Data for analysis START
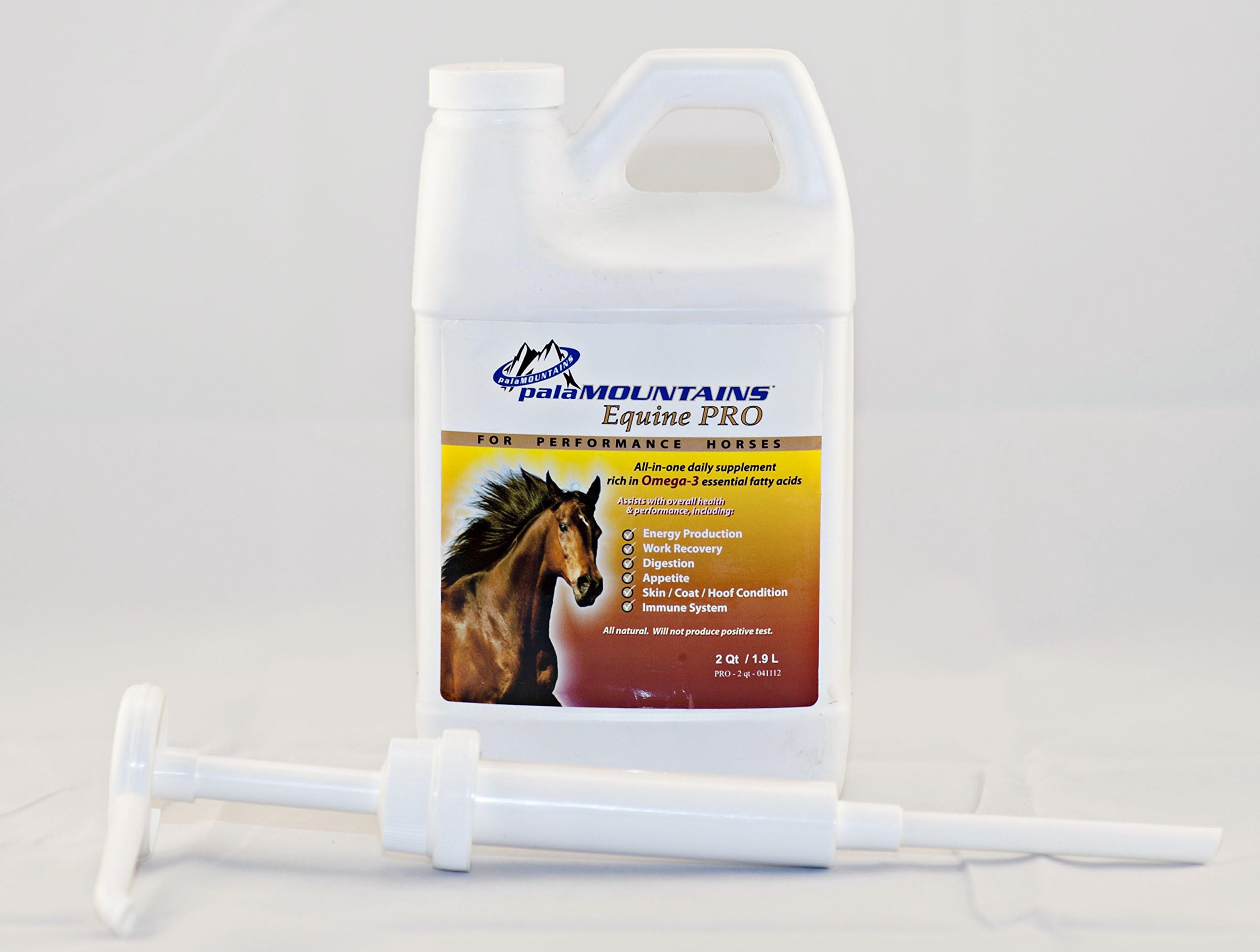 palaMOUNTAINS Performance Horses Equine PRO Nutritional Supplement - 1/2 Gallon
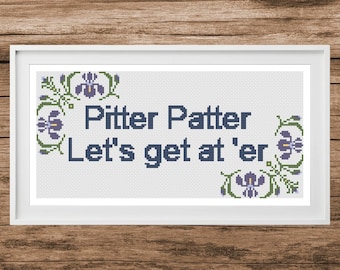 Pitter Patter Letterkenny Cross Stitch Pattern **Digital Pattern**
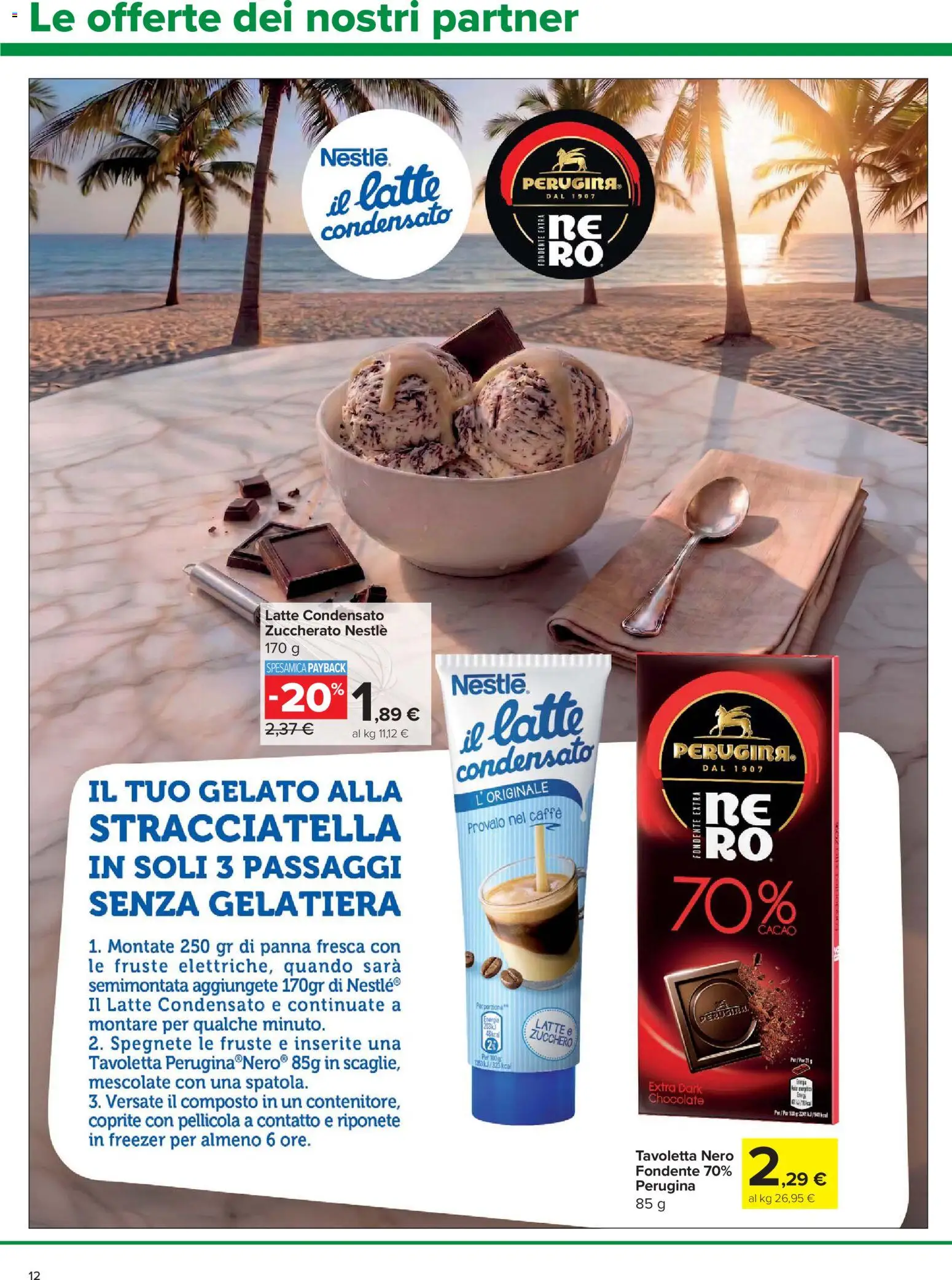 Volantino Carrefour del 02/07/2026 | Pagina: 12 | Prodotti: Zucchero, Cacao, Pellicola, Latte condensato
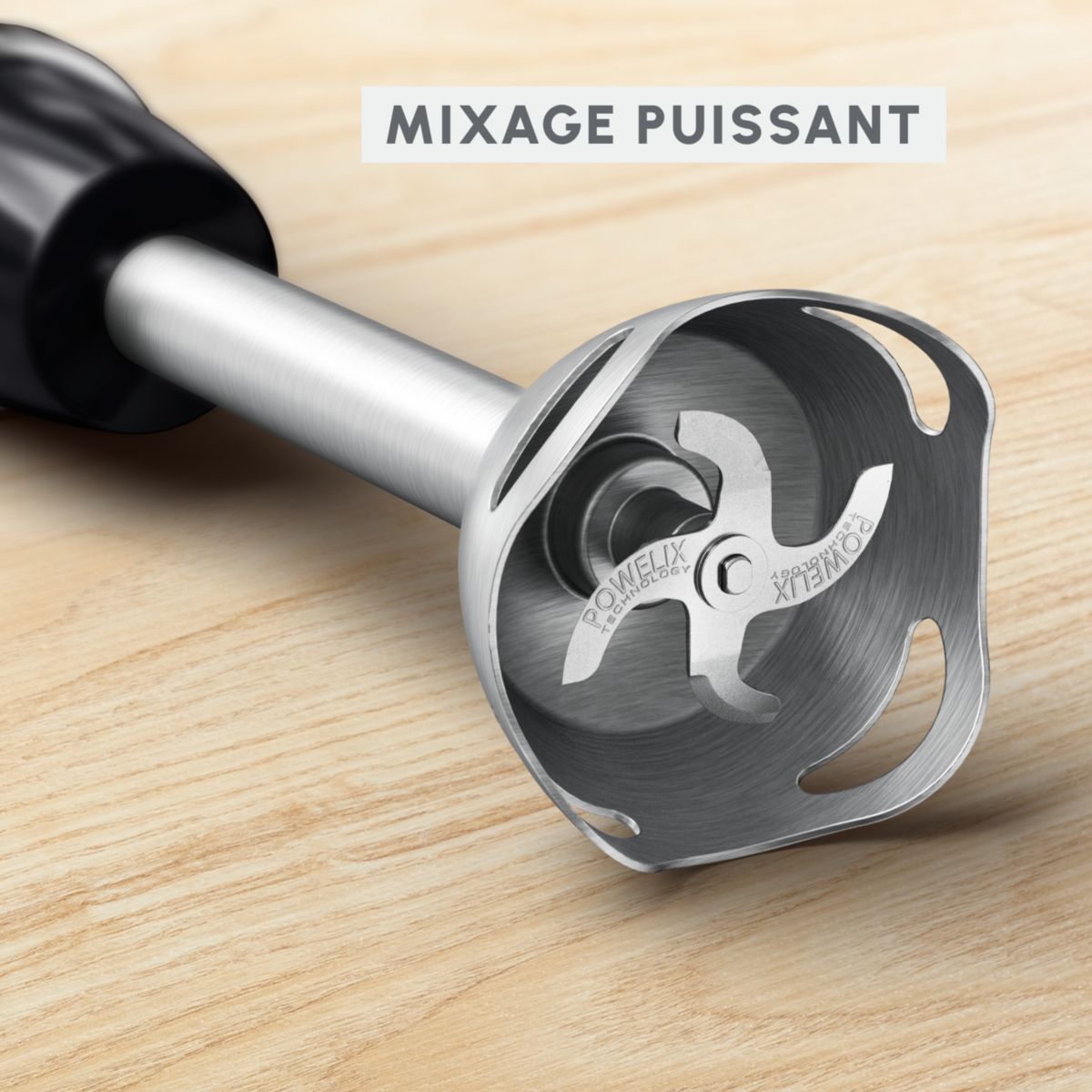 Mixeur DD674810 Quickchef + couleur unique, MOULINEX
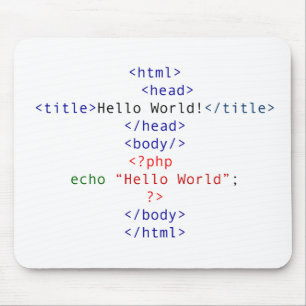 Geek php Hälsning Musmatta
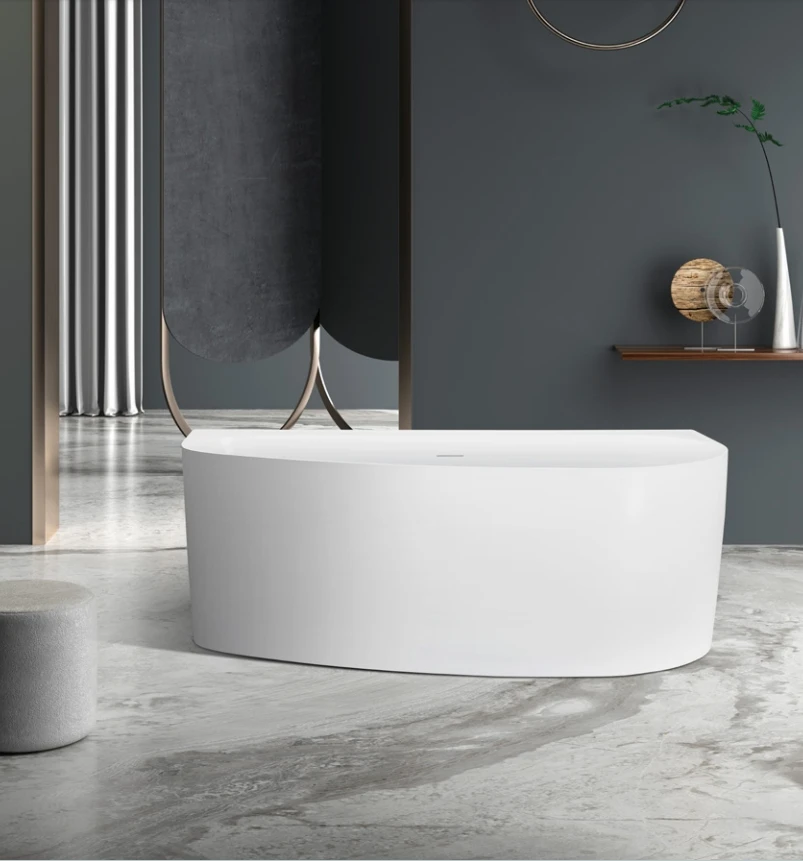Cupc Canada 2 Person Couples Luxurious Bathtub White Acrylic freestanding Bath Tub Sheet For Fat People Zhejiang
Data for analysis END
**What you have to do**
Before you finish, make sure every line above has been repeated exactly and no picture remains in the copy.

**Response area**
 palaMOUNTAINS Performance Horses Equine PRO Nutritional Supplement - 1/2 Gallon
 Pitter Patter Letterkenny Cross Stitch Pattern **Digital Pattern**
 Volantino Carrefour del 02/07/2026 | Pagina: 12 | Prodotti: Zucchero, Cacao, Pellicola, Latte condensato
 Mixeur DD674810 Quickchef + couleur unique, MOULINEX
 Geek php Hälsning Musmatta
Cupc Canada 2 Person Couples Luxurious Bathtub White Acrylic freestanding Bath Tub Sheet For Fat People Zhejiang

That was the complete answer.